I'm looking forward to moving out of my town.


----------



## CATPAT30 (Jun 23, 2008)

My husband is a Truck driver and currently the only one without Cell phone because of many factors but one of them being for the entire winter i was out of work. We had our gas cut off because of a misunderstanding. Still waiting for the appology on that one and we are now caught up on everything except taxes and Cc but we are diggin away at those on a new plan.

We live on the "rich side of town" according to local drivers my husband works with. They all live in houses that are "war time" houses small 2 bedroom no basement no dining room. etc.
We have spacious 3 bedroom back split with inground poool and 2 relatively new vehs (02 Subaru Legacy and 04 Ford F150 ) both purchased used.

But my husband complains that he is the poorest driver even though he is in the top 5 earners. He tried to blame my 3 months of no work but i reminded him of the 13 years of poor money management on both our parts that led to our current credit score. GRRRRR

One paycheck at a time we pay things down. I just wish i could go back to my salaried days and smack myself for not saving and paying things down THen.


----------



## CATPAT30 (Jun 23, 2008)

Quote:


Originally Posted by *melon* 
My DH works a LOT of hours, and we have a 1 yr old, so our property is not as well maintained as it should be. We are surrounded by perfectly landscaped and maintained homes and properties. Our neighbors are mostly older than us, like our parents' age.
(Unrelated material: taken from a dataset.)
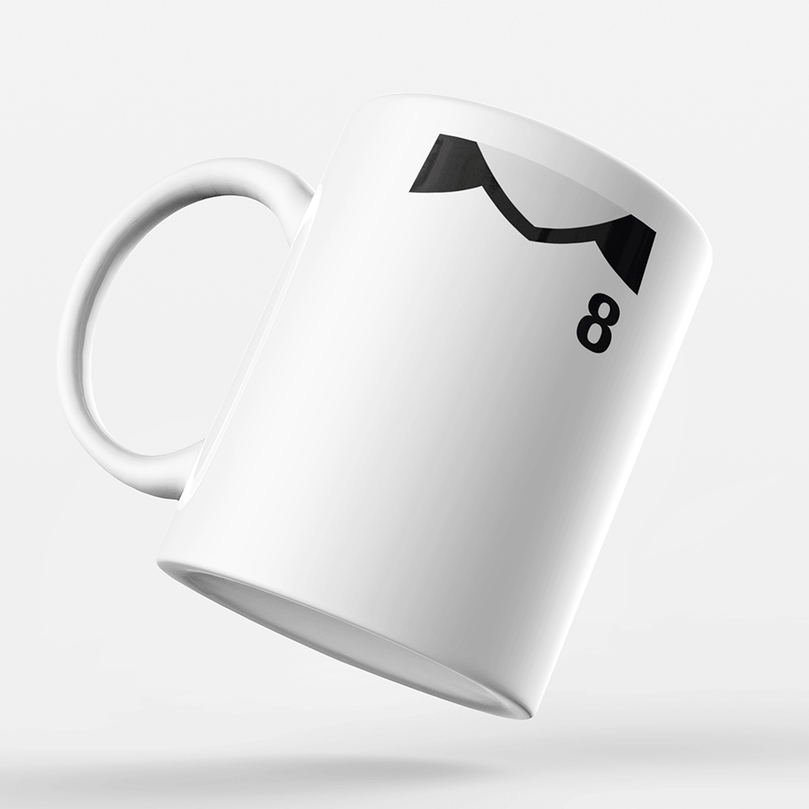 Fulham Retro Style Home Kit Shirt Inspired Colours for Personalised Football Mug with optional Coaster.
Some of them are really nasty, to the point of calling the town 3 different times to complain that our pool is breeding mosquitos. (it's not--it's just a dirty work in progress because the previous owners didn't take care of it.) How unneighborly is it to call the town before asking us about it?!
Mostly it doesn't bother me, but it would be nice to be friendly with the neighbors.

I'm not alone!!!

last year my pool and garden was a mess.
this year i am ahead of the curve but i have been sick for 3 weeks making me worry about falling behind. I refuse to pay another year of some kid who cares not to mow my lawn and charge me 100 a month for it. I have to do it once a week and sometimes im doing it at 930 pm when i finish work and have some time when it is not scorching hot.
and my lawn is 80 % clover which stays green even when dry neighbours dont complain ... yet.


----------



## CATPAT30 (Jun 23, 2008)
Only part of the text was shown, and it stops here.